═══ Excerpted records ═══

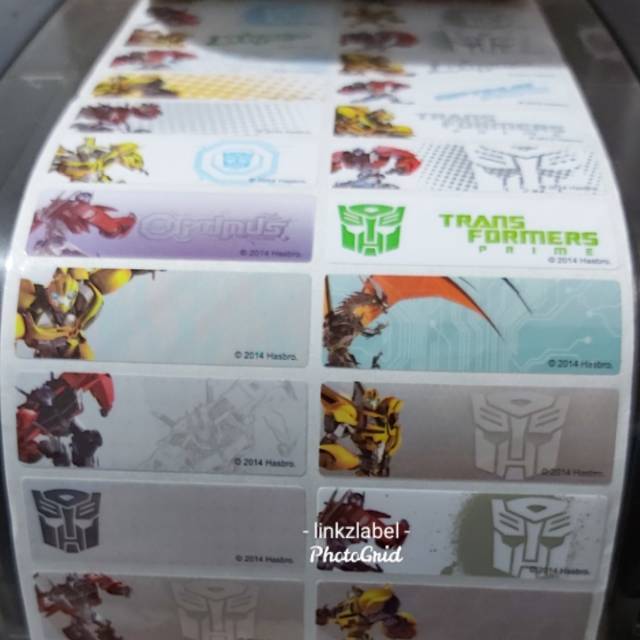 

Label nama transformer ori
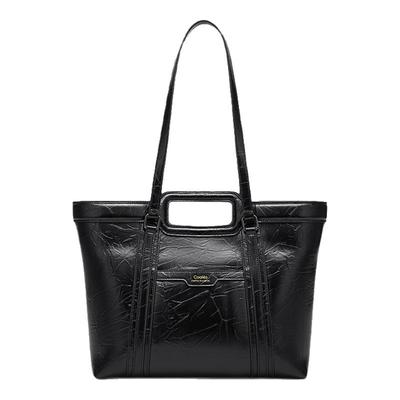 通勤托特包女大容量2025新款高级感秋季单肩包包女黑色大包手提包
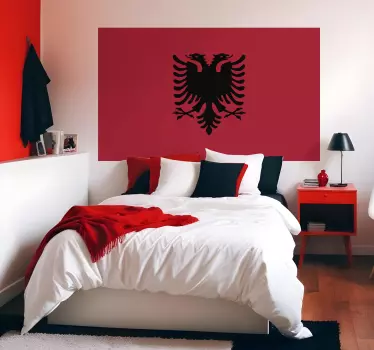 Flagg fra albanias veggklistremerke - Tenstickers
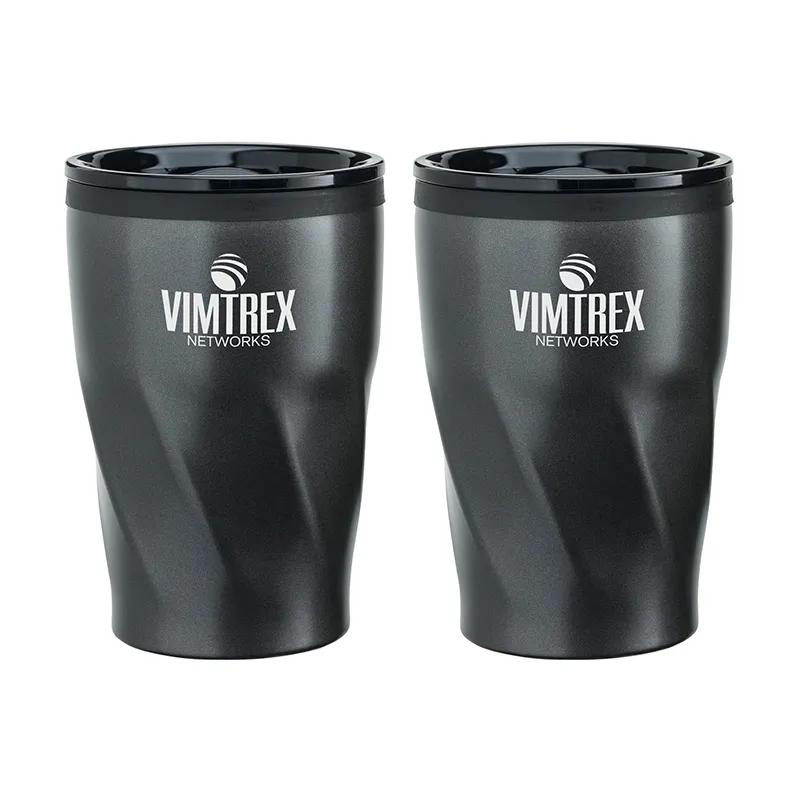 Coffee Tumbler Gift Set with Twist Grip - 12 oz (2 Pack) - product view 10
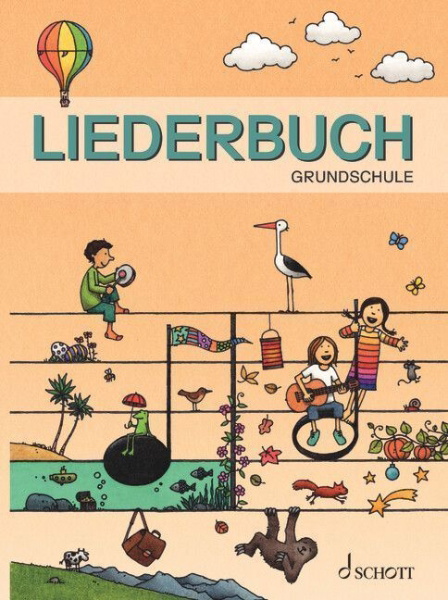 Buchcover und Innenansicht für das Buch: Liederbuch Grundschule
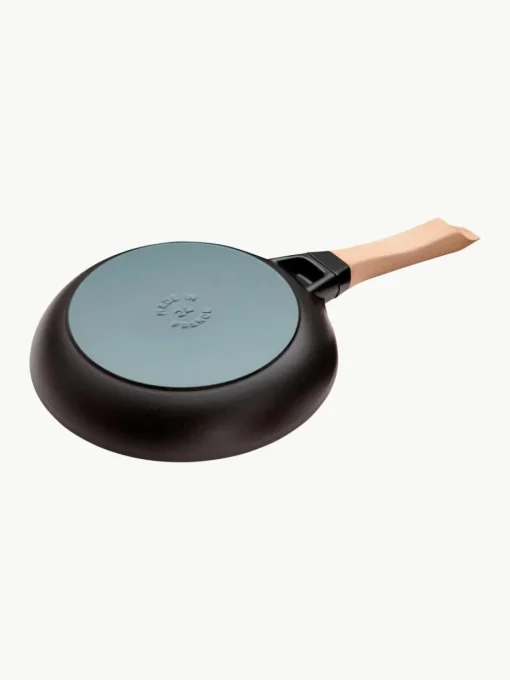 Braadpan Wood uit gietijzer met houten handvat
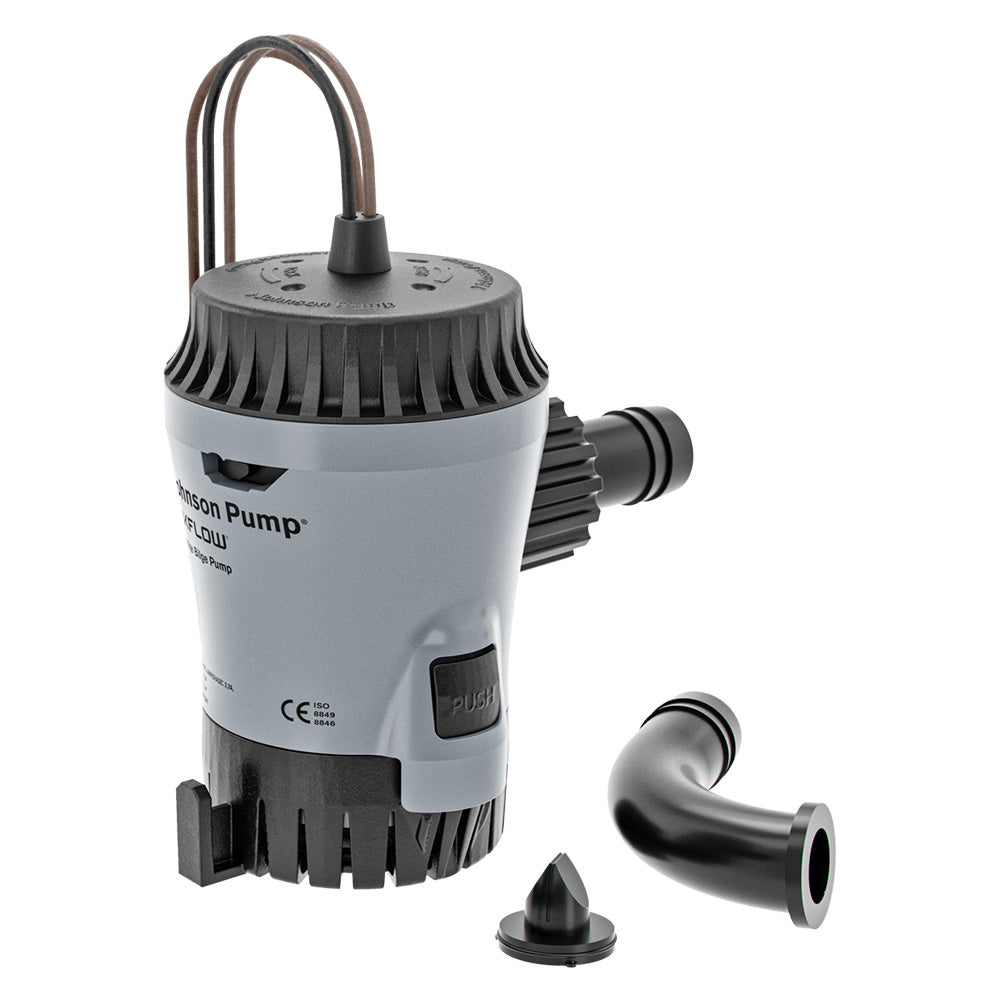 Johnson Pump Aqua Void Automatic 500 GPH Bilge Pump  12V 101362603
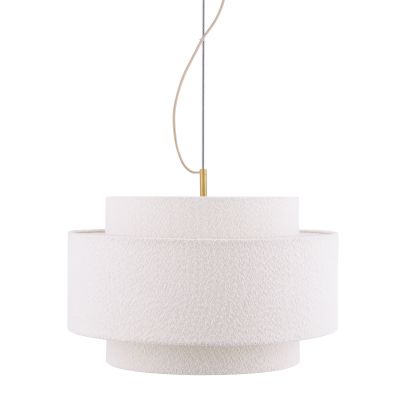 Globen Lighting Noah Bouclé riippuvalaisin 50 cm, valkoinen | Alk. 259,00 €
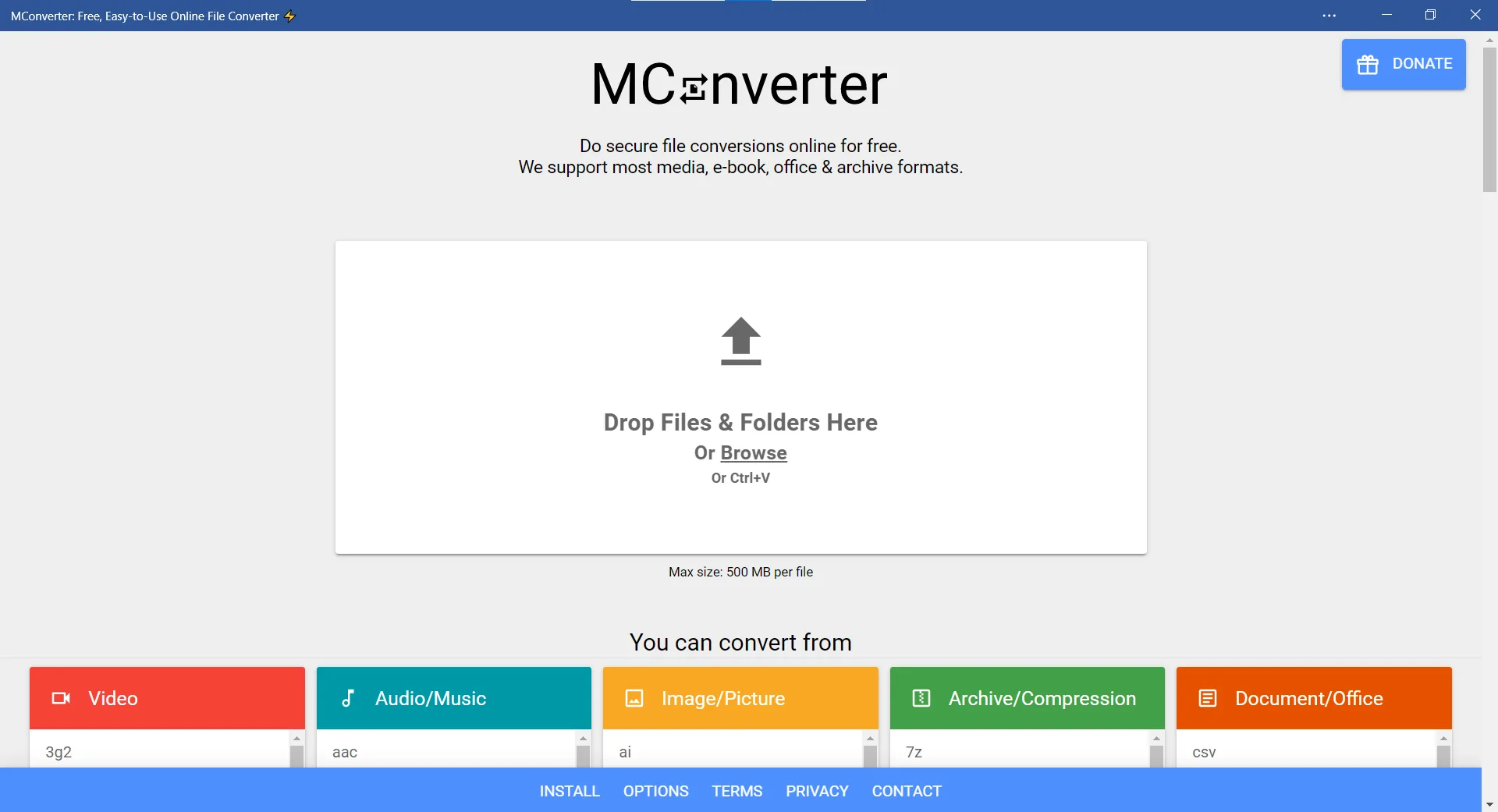 MConverter: File Converter & PDF Compressor screenshot 1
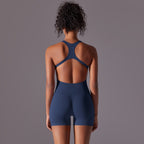 Womens Yoga Activewear 90% nylon 10% spandex Bodysuit Y-6655 print logo 84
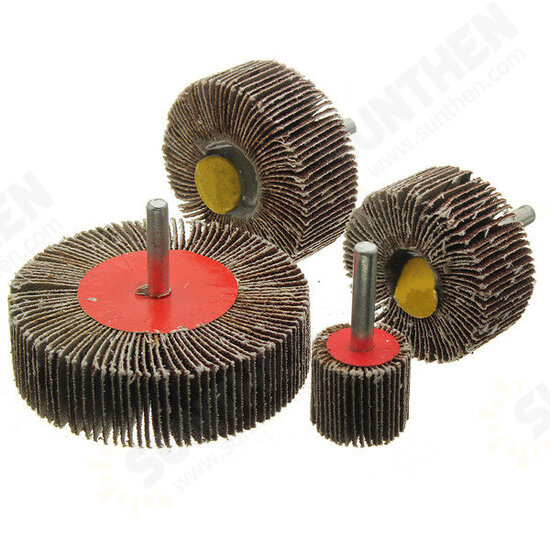 6mm Shank 40 Grit Sanding Wheel 25-80mm Flap Wheel Disc Sanding Abrasive Wheel 6mm Shank 40 Grit Sanding Wheel 25-80mm Flap Wheel Disc Sanding Abrasive Wheel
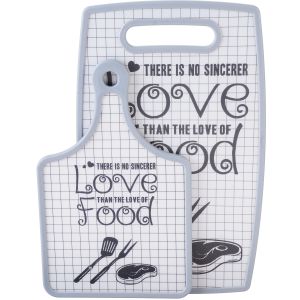 Plastic Cutting Board, 2 Pieces - Multicolor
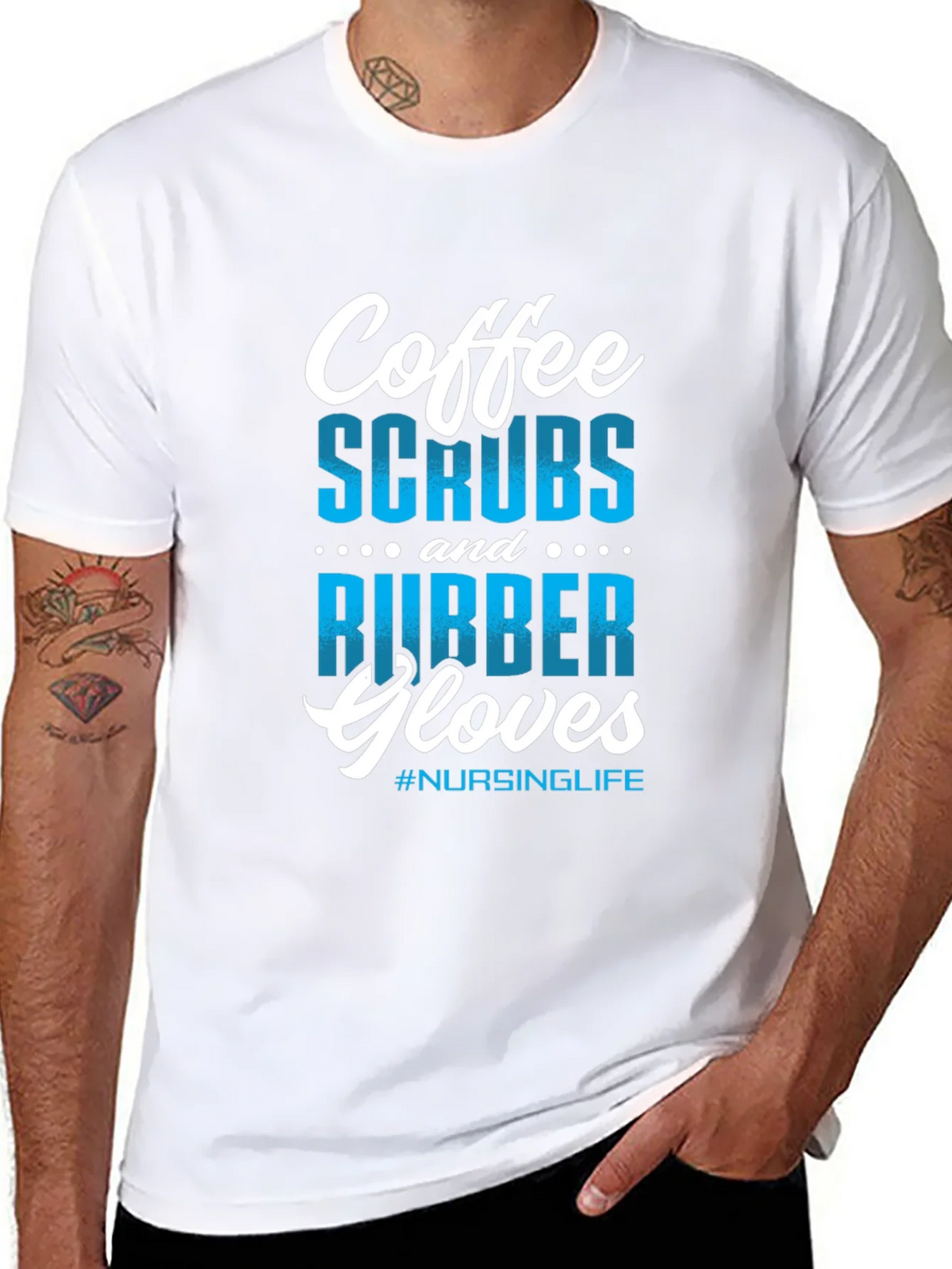 Coffee Scrubs Rubber Gloves Nursing T-Shirt product image 10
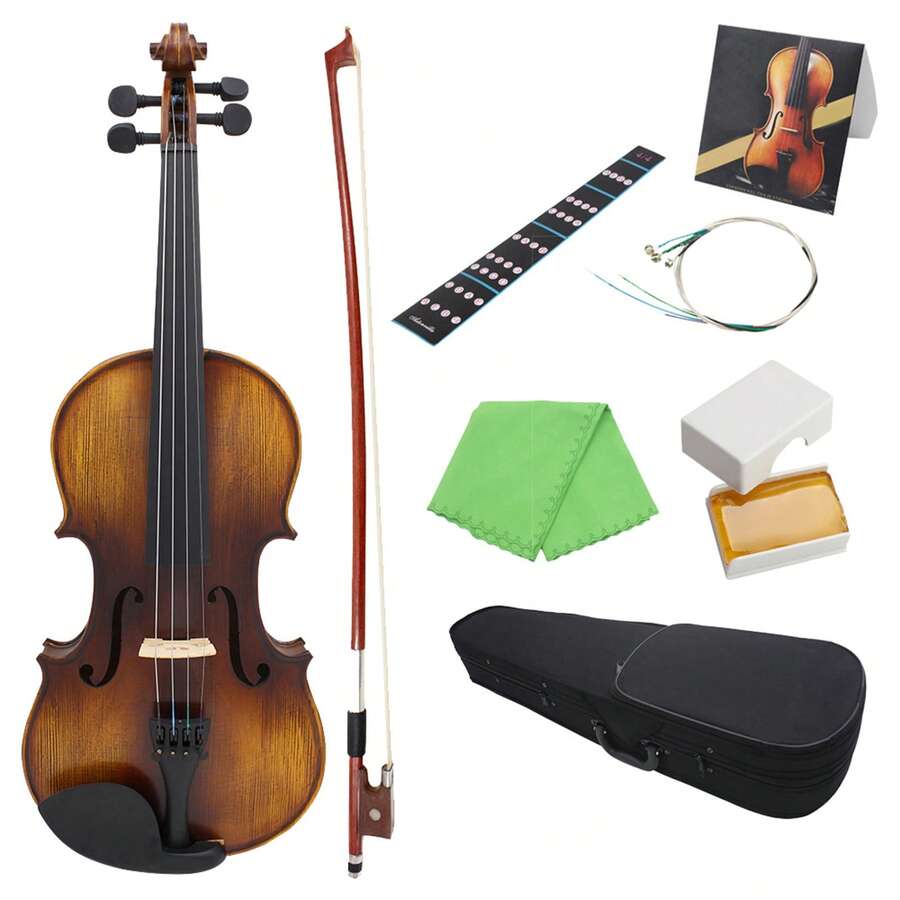 Violín mudo retro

═══

-- Work required --
Set down exactly the lines running from the beginning of the entries above to the line that contains "Womens Yoga Activewear", including both, and leave out pictures.

-- Response below --
Label nama transformer ori
 通勤托特包女大容量2025新款高级感秋季单肩包包女黑色大包手提包
 Flagg fra albanias veggklistremerke - Tenstickers
 Coffee Tumbler Gift Set with Twist Grip - 12 oz (2 Pack) - product view 10
 Buchcover und Innenansicht für das Buch: Liederbuch Grundschule
 Braadpan Wood uit gietijzer met houten handvat
 Johnson Pump Aqua Void Automatic 500 GPH Bilge Pump  12V 101362603
 Globen Lighting Noah Bouclé riippuvalaisin 50 cm, valkoinen | Alk. 259,00 €
 MConverter: File Converter & PDF Compressor screenshot 1
 Womens Yoga Activewear 90% nylon 10% spandex Bodysuit Y-6655 print logo 84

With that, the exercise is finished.